▶ DATA SECTION

·····

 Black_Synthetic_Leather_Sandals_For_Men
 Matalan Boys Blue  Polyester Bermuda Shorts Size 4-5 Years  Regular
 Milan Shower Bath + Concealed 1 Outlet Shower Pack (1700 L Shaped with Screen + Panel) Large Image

·····

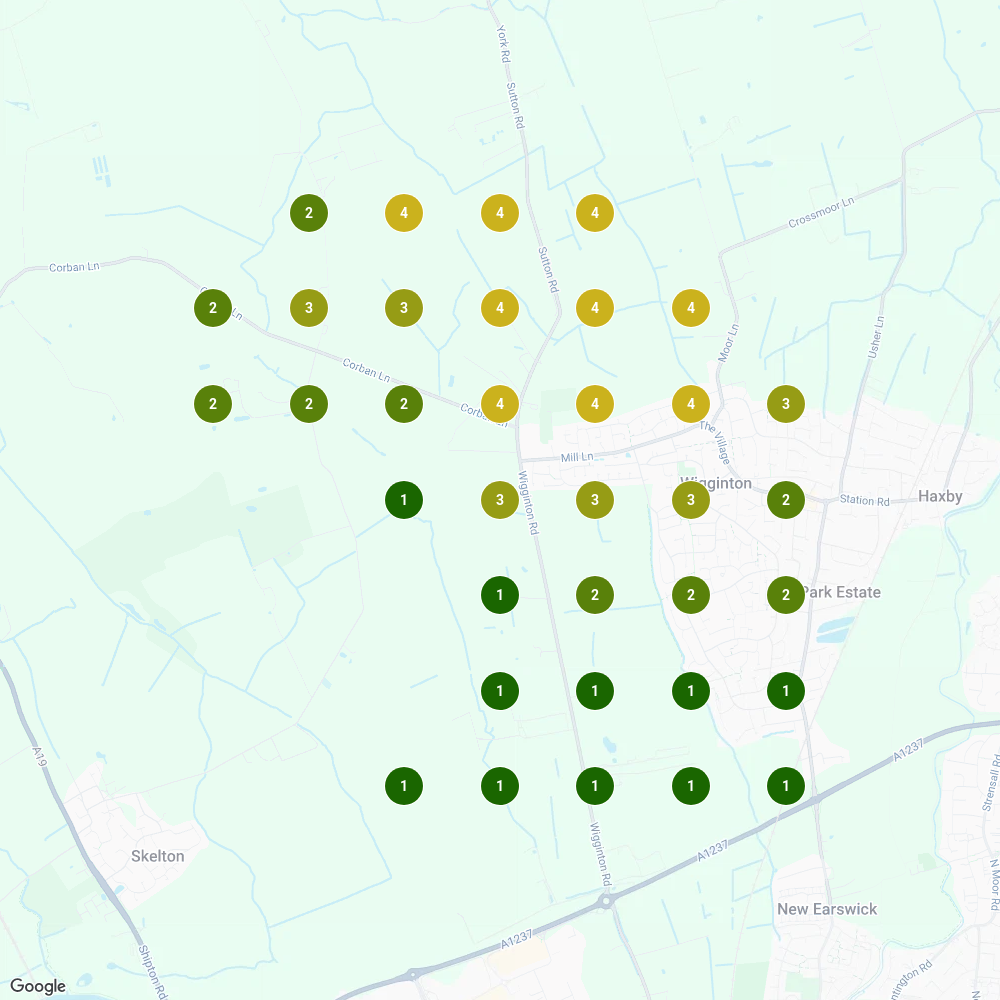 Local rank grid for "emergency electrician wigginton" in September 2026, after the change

·····

▶ WHAT THE TASK REQUIRES
Above are the records. Print exactly, and only, the lines from the line with "Black_Synthetic_Leather_Sandals_For_Men" to the line with "Milan Shower Bath", both inclusive.

▶ EXERCISE ANSWER
 Black_Synthetic_Leather_Sandals_For_Men
 Matalan Boys Blue  Polyester Bermuda Shorts Size 4-5 Years  Regular
 Milan Shower Bath + Concealed 1 Outlet Shower Pack (1700 L Shaped with Screen + Panel) Large Image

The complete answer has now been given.